ラシュモア山国立記念碑

サウスダコタ州にあるラシュモア山国立記念碑は、卓越した技術と芸術性の結晶です。ブラックヒルズの岩壁に彫られた、ジョージ・ワシントン、トーマス・ジェファーソン、エイブラハム・リンカーン、セオドア・ルーズベルトの4人の大統領像は、60フィート(約18メートル)の巨大な花崗岩の顔で、アメリカを代表するランドマークのひとつです。
年間約300万人が訪れるこの場所は、サウスダコタ州最大の観光スポットです。到着時に目に入るのは、50州+1特別区+3領土+2自治領を象徴する56本の柱からなる『旗の通り』で、愛国心をかき立てます。訪問者は0.5マイル(約0.8km)の『大統領トレイル』を歩き、彫刻に近づくこともできます。

ラシュモア山の歴史
もともとはラコタ・スー族が「トゥンカシラ・サクペ・パハ(六祖山)」と呼んでいたこの岩は、1876年の大スー族戦争後に米国政府の管理下に入り、ニューヨークの弁護士チャールズ・E・ラシュモアの名前にちなんで改名されました。
1923年、サウスダコタ州史家ドアン・ロビンソンが観光振興のために岩に像を彫る構想を提案。これが米国大統領像へと転換され、1925年に議会の承認を得ました。1933年に国立公園局が管理を引き継ぎます。
掘削は1927年に始まり、1941年に完了。主にダイナマイトで大岩を除去し、彫刻家グッツォン・ボーグラムが数百人の作業員を指揮、ルイジ・デル・ビアンコが首席彫刻師として活躍しました。ワシントン像は1934年、ジェファーソン像は1936年、リンカーン像は1937年、ルーズベルト像は1939年に献堂され、総工費は989,992ドルでした。
その後、56の米国行政区の旗を掲げる花崗岩の柱が追加され、夜間にはライトアップされて壮大な光のショーが演出されます。
ラシュモア山での楽しみ方
訪問は日の出前の早朝がおすすめ。
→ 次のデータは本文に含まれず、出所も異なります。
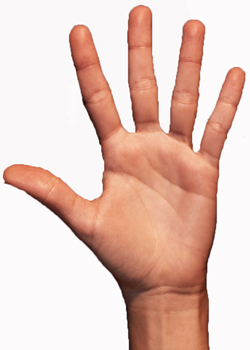 hand five fingers - www.TaxMan123.com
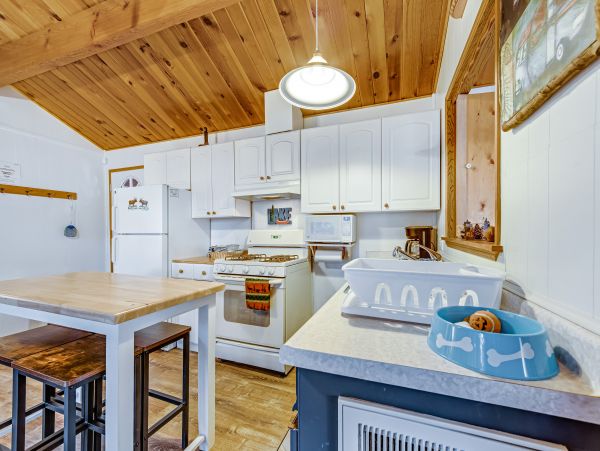 Big Bear Home 976077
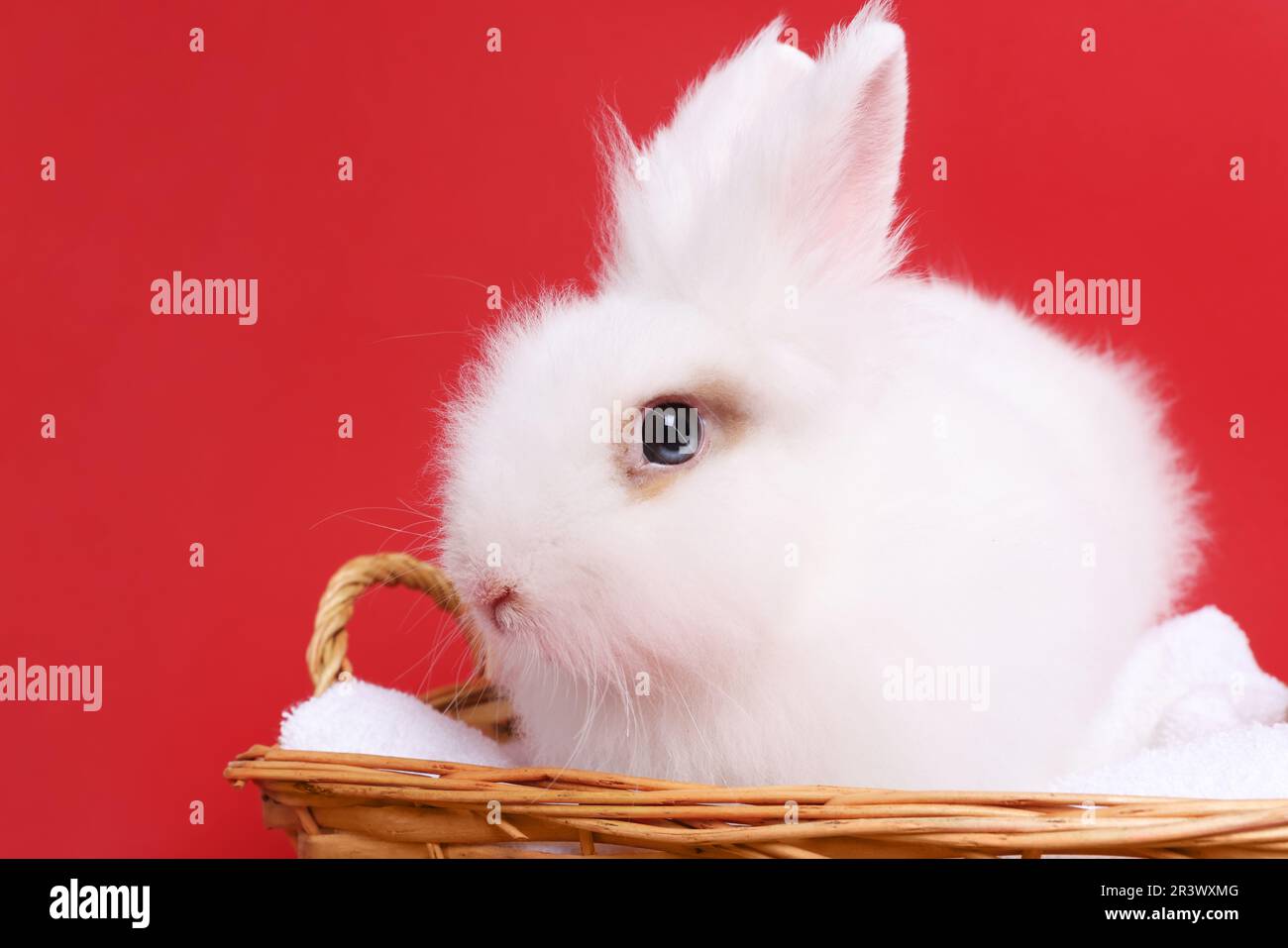 Fluffy white rabbit in wicker basket on red background, closeup. Cute ...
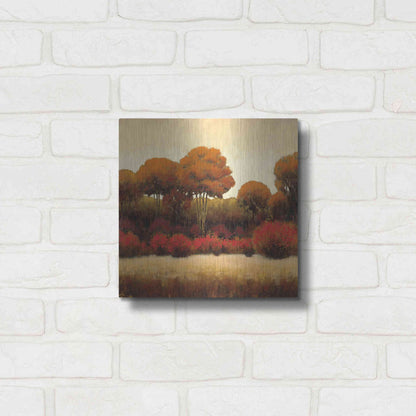 Luxe Metal Art 'Autumn Forest II' by James Wiens, Metal Wall Art,12x12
朝日の柔らかな光で混雑の少ない景観を堪能できます。
『旗の通り』を抜けると『グランドビュー・テラス』に到着。ここは写真撮影のベストスポットで、無料の望遠鏡が設置されており、細部まで観察できます。
半マイルの『大統領トレイル』は422段の階段が続き、彫刻に間近で触れられるだけでなく、野生動物との出会いも期待できます。
テラス下にはリンカーン・ボーグラム・ビジターセンターがあり、彫刻の歴史を紹介する展示や、彫刻過程を解説した14分間の映像が鑑賞できます。『彫刻家のスタジオ』ではレンジャーによるボーグラムや作業員のエピソードを聞くツアーが開催されています。
ファミリー向けには、インフォメーションデスクで配布されるブックレットで参加できるジュニア・レンジャー・プログラムがあります。食事は『カーバーズ・カフェ』で、テラス外のスタンドではトーマス・ジェファーソンのオリジナルバニラアイスクリームレシピを味わえます。

アクセスと実用情報
ラシュモア山はサウスダコタ州高速道路244号線に位置し、ラピッドシティ空港から車で約35マイルです。公共交通機関は運行していません。
I-90のラピッドシティ出口からUS-16号線を西南へ向かい、キー石町(Keystone)を経由して244号線へ。南側からはUS-385号線を北上し、同じく244号線へ入ります。
入場は無料で予約は不要です。駐車場は1台10ドル(シニア62歳以上は5ドル)です。
混雑しやすいのは6月から8月のピークシーズン。5月、9月、10月は比較的涼しく、観光に適しています。混雑回避のため、午前9時前または午後3時30分以降の訪問をおすすめします。
バリアフリー情報
情報センターまたはリンカーン・ボーグラム・ビジターセンターで点字パンフレットが入手可能です。事前にダウンロードして持参しても構いません。米国手話通訳は14日前までに申し込めば無料で利用できます。
車椅子利用者は駐車場からメインエントランスへ直接降り、無料の手動車椅子をビジターセンターで借りられます。エレベーターでテラスと博物館・円形劇場を結んでいます。
『彫刻家のスタジオ』は遠隔駐車場からのアクセスが可能ですが、セキュリティ上の制限があるため、レンジャーに確認してください。『大統領トレイル』はテラスからベースビューまで車椅子対応です。『カーバーズ・カフェ』とギフトショップは全面バリアフリーです。